Similar to the Hydrogen PINN, I generated a sphere of points of a fixed radius to use as input data. Once again, I split the data into boundary condition and collocation sets. Helium has two electrons, which adds three more dimensions to the input space. If I used the same data generation scheme as for Hydrogen, the size of the generated input data would be squared. Since the Hydrogen data had around $10^4$ input points, this means the Helium data would have $10^8$ input points, an impractical amount considering my limited compute resources. To combat this, I simply sampled what I reasoned to be a significant amount of points for each electron from the full sphere, and then concatenated the positions together to create an input with size on the order of $10^4$. This might have limited the network's ability to learn the correct wavefunction for all possible electron positions in my defined space, but I'm pretty confident this was enough data.

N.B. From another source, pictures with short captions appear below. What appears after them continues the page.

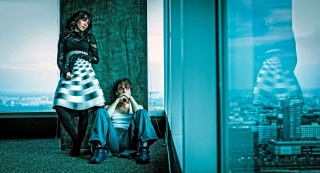 19. Człowiek z magicznym pudełkiem (2017; reż. Bodo Kox). "Warszawa, rok 2030. Wydawać by się mogło, że dla Adama (Piotr Polak) lepsze jutro było… wczoraj. Dotknięty zanikiem pamięci bohater musi zacząć wszystko od nowa. Przeprowadza się i rozpoczyna pracę w potężnej korporacji. Poznaje w niej atrakcyjną Gorię (Olga Bołądź), którą jest totalnie oczarowany. Początkowo dziewczyna opiera się jego zalotom, uparcie twierdząc, że nie jest w jej typie. Gdy jednak romans nabiera rumieńców, chłopak dokonuje niebywałego odkrycia. W swoim nowym mieszkaniu znajduje stare radio, które nadaje audycje z lat 50. Okazuje się, że odbiornik emituje również fale umożliwiające teleportację."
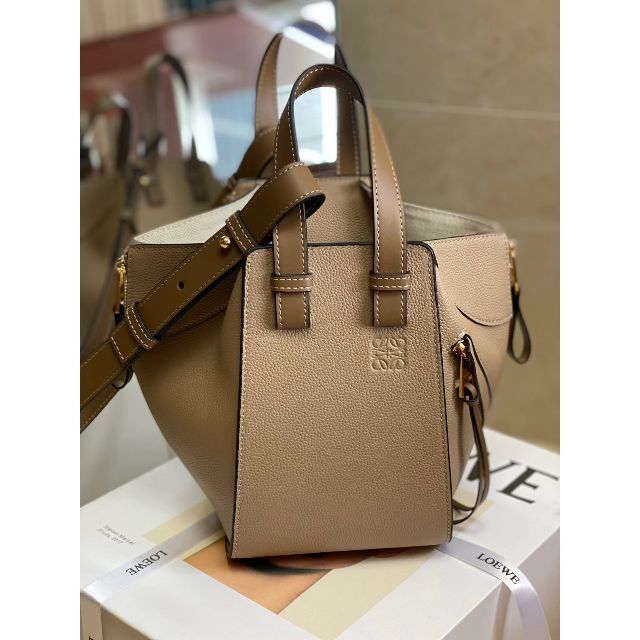 超話題新作 - LOEWE 新品に近い ロエベ ハンモック ミニ サンド バイ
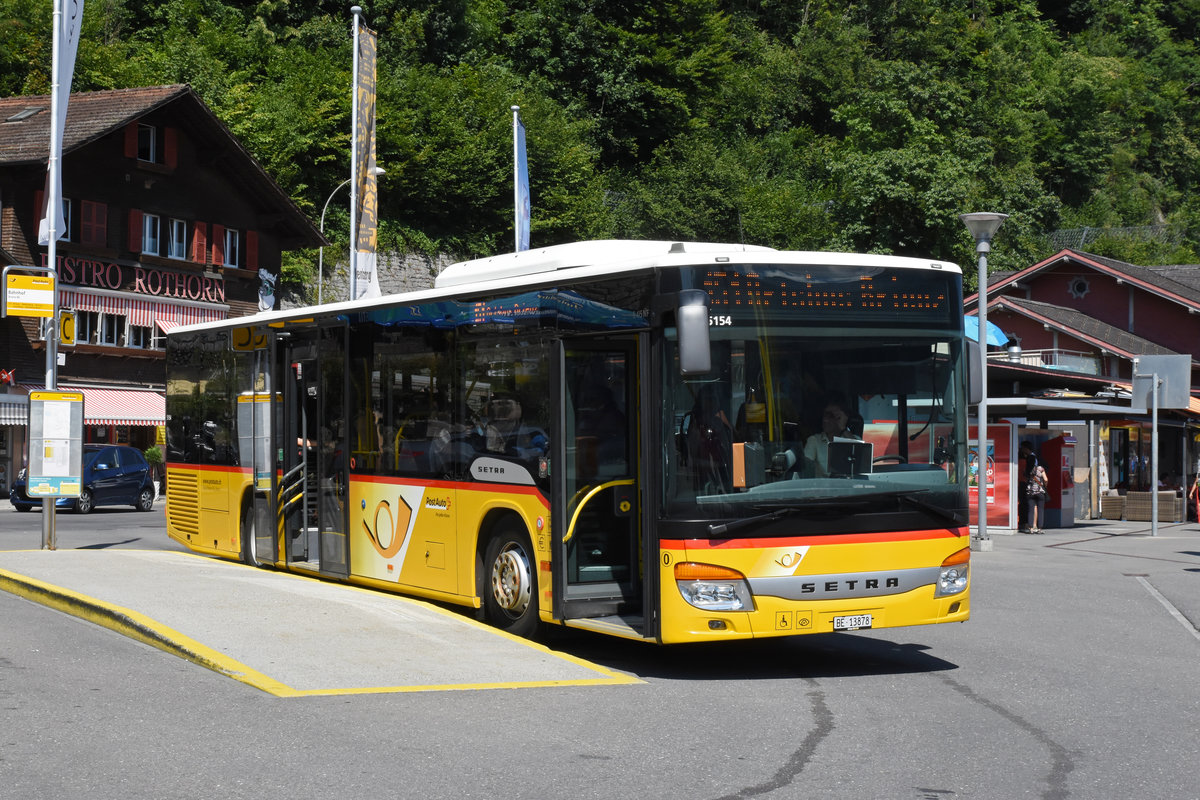 Setra Bus der Post, auf der Linie 151, wartet beim Bahnhof Brienz. Die Aufnahme stammt vom 29.07.2018.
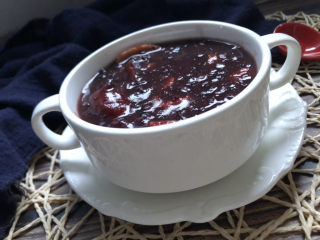 12、红枣黑米粥,等糖融化后即可出锅了。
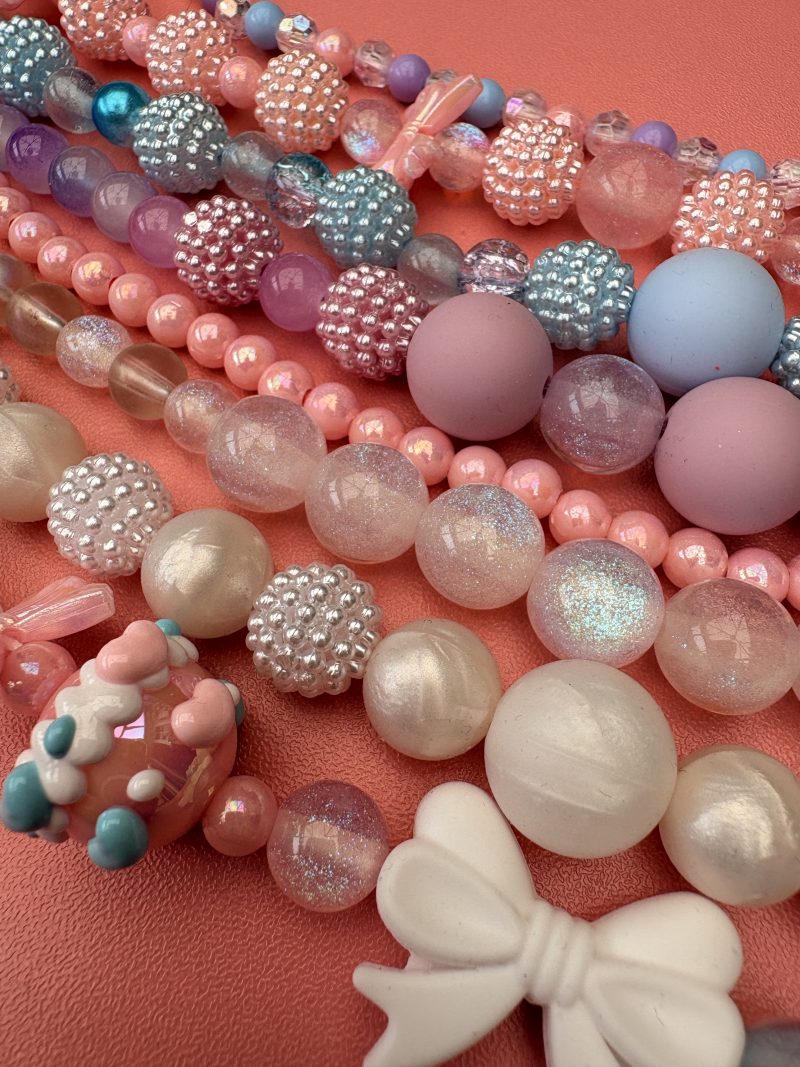 Pastel kawaii maximalist multi layer bow detail necklace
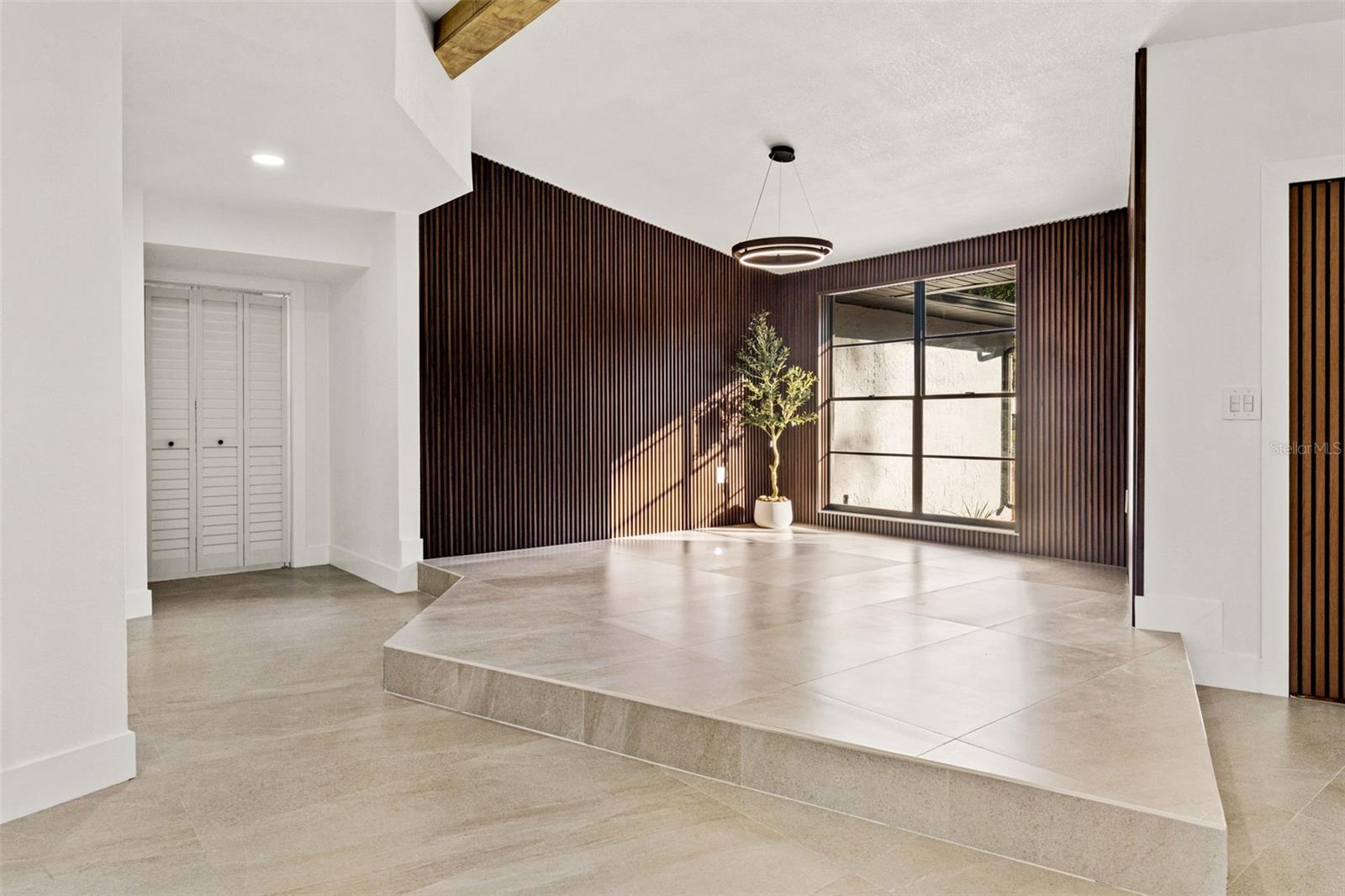 RIVER COUNTRY ESTATES - Residential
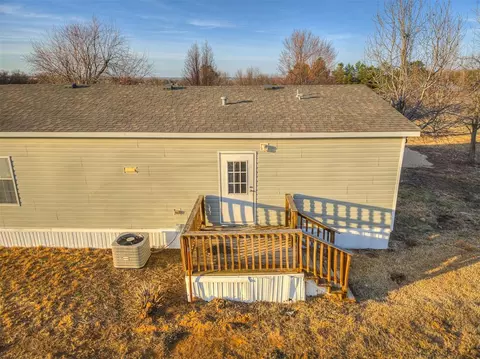 103 Park View Ct, Mcloud, OK 74851 photo 5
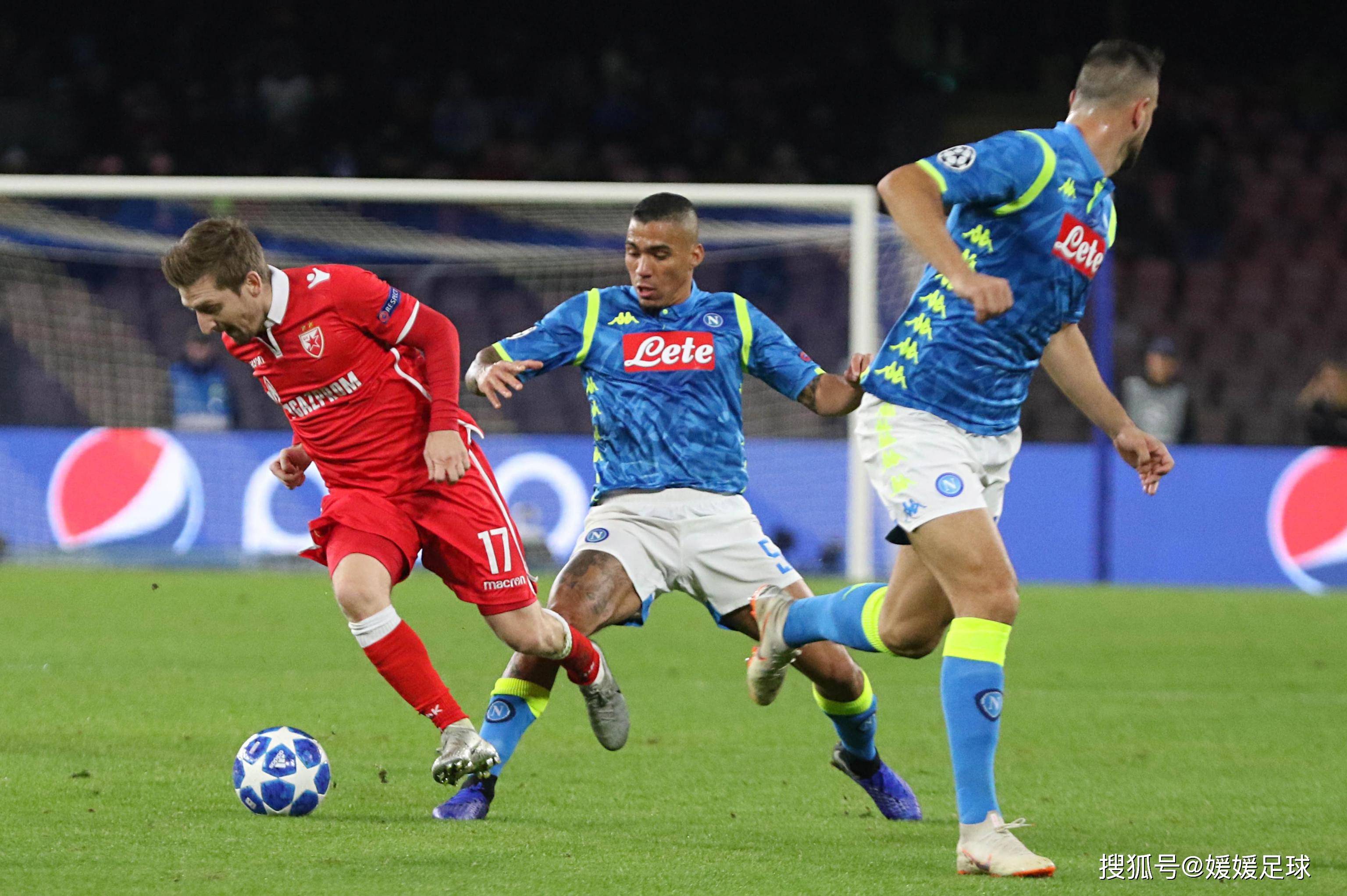 关于足球队员配合默契，实力迅速提升的信息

On the assumption that the PINN approach used to solve the Hydrogen Schrodinger equation is valid, I used the same loss terms previously defined.

From the Schrodinger equation, we can write

$$\begin{equation} f = -\frac{\hbar^2}{2m} \left(\frac{\partial^2 \psi}{\partial x_1^2} + \frac{\partial^2 \psi}{\partial y_1^2} + \frac{\partial^2 \psi}{\partial z_1^2} + \frac{\partial^2 \psi}{\partial x_2^2} + \frac{\partial^2 \psi}{\partial y_2^2} + \frac{\partial^2 \psi}{\partial z_2^2} \right) - \frac{e^2}{4 \pi \varepsilon_0} \left(\frac{2}{|\vec{r}_1|} + \frac{2}{|\vec{r}_2|} - \frac{1}{|\vec{r}_1 - \vec{r}_2|} \right) \psi - E \psi, \end{equation}$$

Again, the overall loss is defined

$$\begin{equation} L = L_{f} + L_{bc} + L_{trivial} . \end{equation}$$


PINN results

To keep things simple, I decided to train PINNs on values around the known $E = -79 \text{ eV}$ energy level. In theory, I could have scanned over a much wider range of $E$ values and hoped to see the best convergence around the correct energy, but at this point I was just trying to test the limitations of the approach I've used for solving simpler partial differential equations described previously.

I somewhat arbitrarily set the PINN to train on $E$ values of $-74, -79, -84 \text{ eV}$. In Coulomb units, these values convert to approximately $-2.72, -2.9, -3.09$, respectively. I expected the best PINN convergence to occur with $E = -2.9$.

Each PINN ($E$ value) was trained for 10,000 steps, which took around 27 minutes each (~80 total minutes) on my computer.

The loss values across training:


$L$ across training.



$L_f$ across training.



$L_{bc}$ across training.



$L_{trivial}$ penalty across training.



$E$ values across training.

The predicted wavefunctions as functions of electron position magnitudes:


$E = -2.72$ predicted wavefunction.



$E = -2.9$ predicted wavefunction.



$E = -3.09$ predicted wavefunction.

Clearly, the loss values suggest that this PINN did not converge to a solution with high confidence. The $L_f$ plot is erratic, attains a minimum on the order of $10^0$ for each $E$, and doesn't convince me that the PINN learned a wavefunction that solves the Schrodinger equation well. The PINNs I trained on simpler problems appeared to find a "good" solution when $L_f$ reached an order of $10^{-2}$ or less. The PINN appears to have learned the $L_{bc}$ condition well enough by the end of training for each $E$, but that's to be expected since that is essentially just a memorization task. Each $E$ reached an overall $L$ value on the order of $10^1$ at best, and the PINN did not minimize $L$ with the correct $E = -2.9$. That being said, the predicted wavefunctions do roughly meet the expectation of decay as the electrons are placed farther from the nucleus (origin). Perhaps with more training and refinements to the loss terms, the PINN could learn to tease out the correct decaying wavefunction with greater accuracy.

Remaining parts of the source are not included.